La crise a ainsi souligné plusieurs failles du pouvoir kazakh. Le gouvernement Tokaïev continue de suivre la trajectoire de son prédécesseur Nazarbaïev, avec une répression sévère des soulèvements populaires, et leur mise sous silence au niveau national. L'information est en grande partie sous contrôle national et les réseaux de communication ont été coupés durant l'état d'urgence, certains médias indépendants peinant alors à couvrir les manifestations de janvier. Amnesty international et d'autres ONG ayant réussi à couvrir les évènements ont confirmé que des personnes ont été torturées par la police et « [qu’] aucune enquête officielle sur le comportement de la police n’a été initiée ». Dix jours plus tôt, Tokaïev aurait néanmoins ordonné aux autorités de police d'éviter que des abus soient commis. Il aurait également ajouté que les procureurs devaient rester conciliants avec les manifestants qui n'avaient pas commis de « crimes graves ». Ces évènements solidement ancrés dans la mémoire des Kazakhs et l'instabilité économique du pays pourraient pousser une partie de la population, majoritairement jeune (53,7% de la population entre 1 et 28 ans), à fuir le pays.

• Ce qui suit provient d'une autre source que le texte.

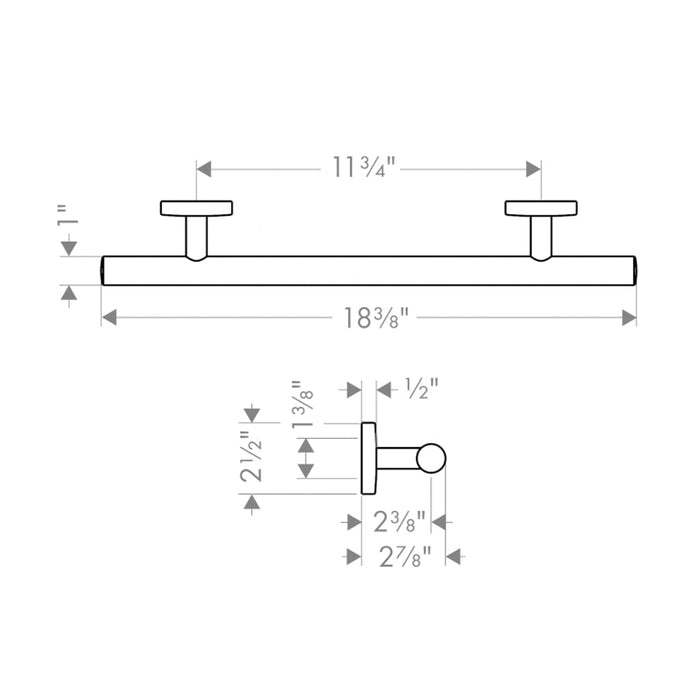 Logis Single Towel Bar - Wall Mount - 12" Brass/Polished Chrome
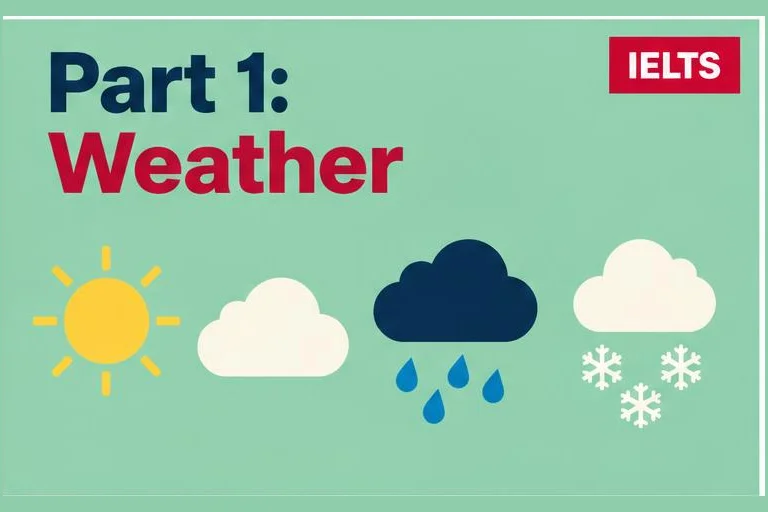 Illustrated study guide: IELTS Speaking Part 1 weather and seasons: sample answers and vocabulary
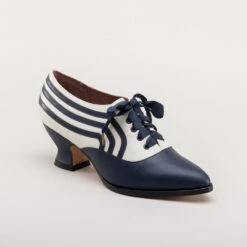 American Duchess Bernadette Women's Edwardian Oxfords (Navy/Ivory) -StrideOne Store bernadette banner edwardian oxfords navy ivory w 2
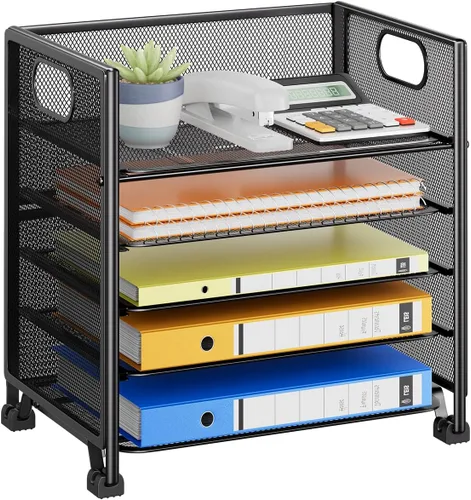 Vista 9 de Simple Trending – Organizador de archivos de escritorio de malla metálica de 5 niveles, bandejas para papel tamaño carta con cajón deslizante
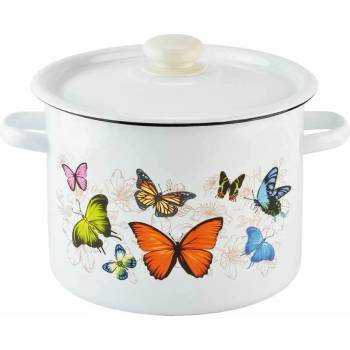 idilia 16 см емайлирана тенджера с метален капак idilia разцветка Пеперуда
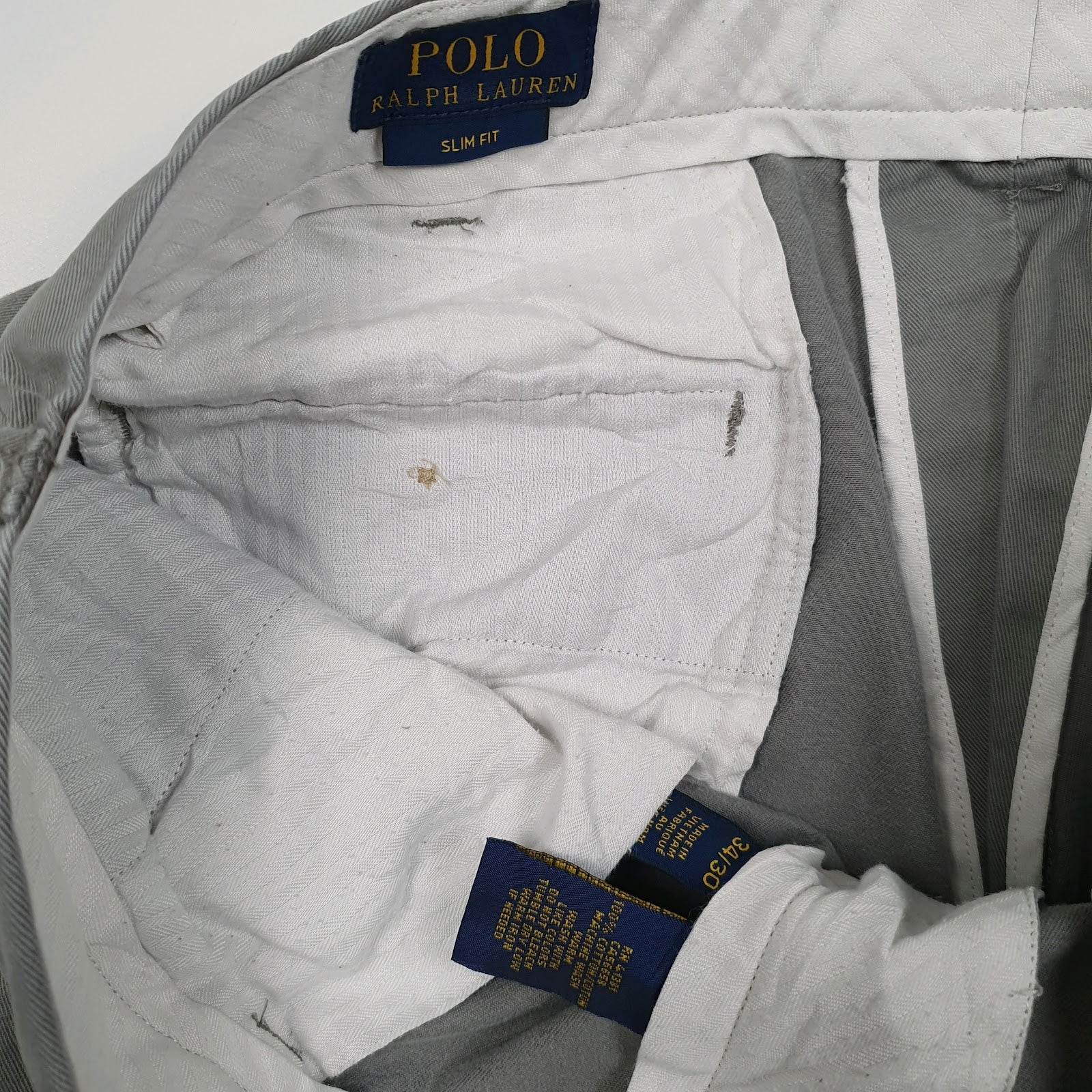 Mens Grey Polo Ralph Lauren Slim Fit  Trousers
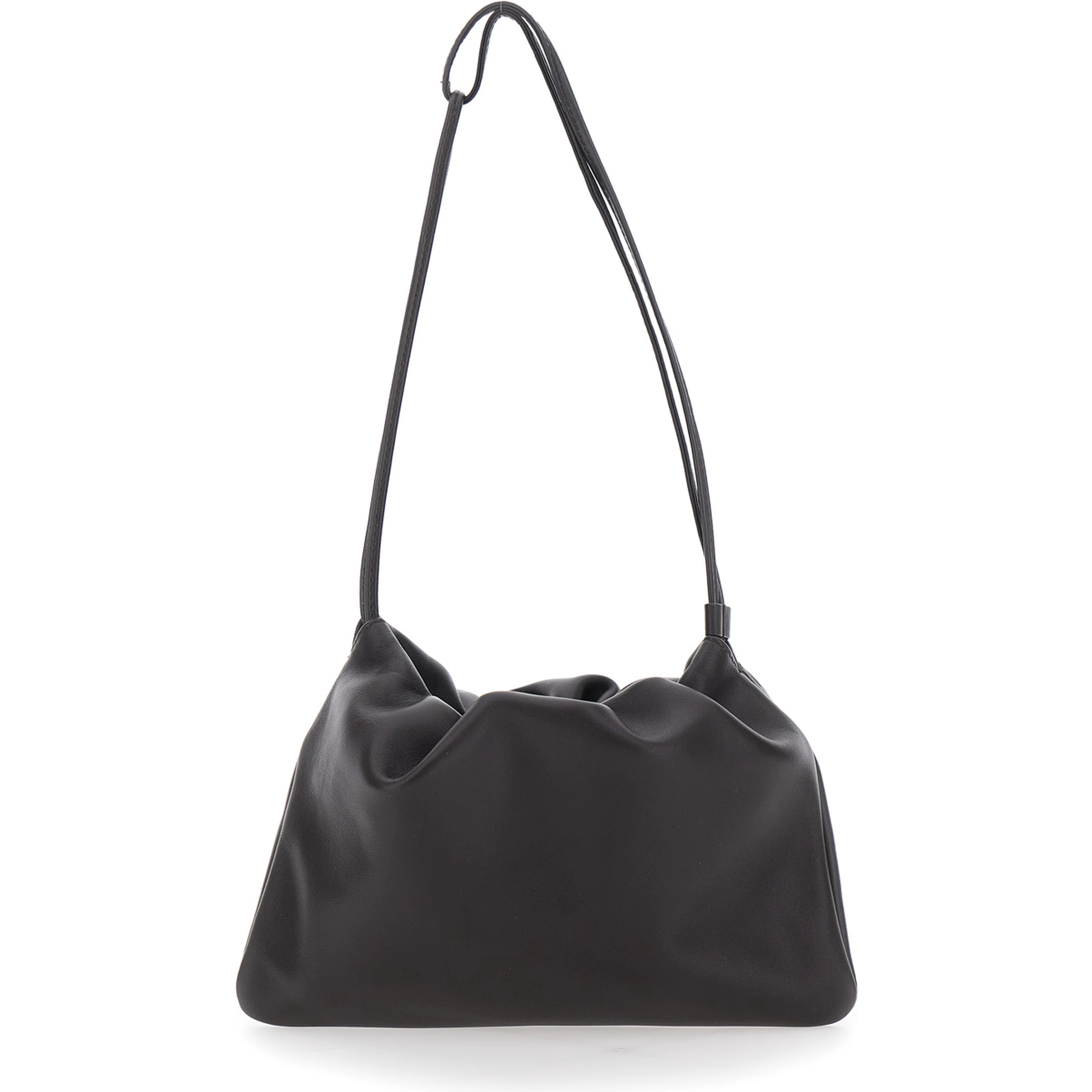 Nella Brown Shoulder Bag with Drawstring Closure and  Top Handle in Leather for Women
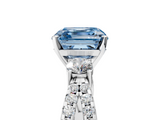 White gold Fancy Blue Asscher  Three-Stone Diamond Ring with Pavé Split Shank and Four-Prong Setting_22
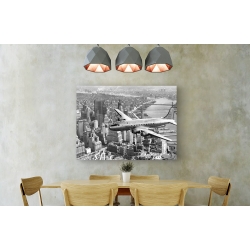 Wall art print and canvas. Flying over Manhattan, NYC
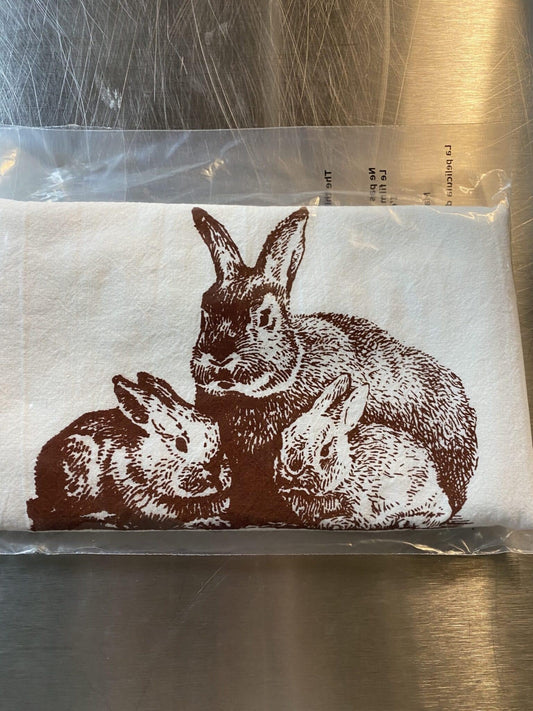 Bunny Family Tea Towel Seconds Sale Brown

Enfin, la situation a représenté un atout stratégique pour la Russie. Bien qu'il s'agisse de la première intervention de l’OTSC, elle a prouvé son efficacité aux autres membres. Dans le cadre de l’invasion russe en Ukraine toutefois, il est peu envisageable que de telles opérations soient mises en œuvre. Jusqu’alors, aucune attaque n’est survenue ni sur le territoire biélorusse ni sur celui de la Fédération de Russie. Un député arménien, Vahagn Aleksanyan, a rappelé que « les mécanismes de l'OTSC [ne] sont activés [que] lorsqu'un État membre est attaqué ». Son homologue Édouard Aghajanyan, député à la tête de la commission des relations extérieures du Parlement arménien, a également rejeté les spéculations sur une éventuelle implication de l'OTSC dans la guerre en Ukraine, considérant cette dernière comme un « agenda hypothétique et inexistant ». À ce jour, Moscou n'a donné aucune indication attestant qu'elle pourrait rechercher une opération de l'organisation en Ukraine. Cependant, elle a ratifié le 16 septembre 2021 un protocole additionnel au Traité de la sécurité collective; ce dernier introduit le concept d' "État coordinateur" en autorisant le déploiement de forces de l'OTSC pour des opérations de maintien de la paix de l'ONU. À ce titre, la Russie y est le seul État partie, les cinq autre membres n'ayant pas encore décidé d'emboîter le pas.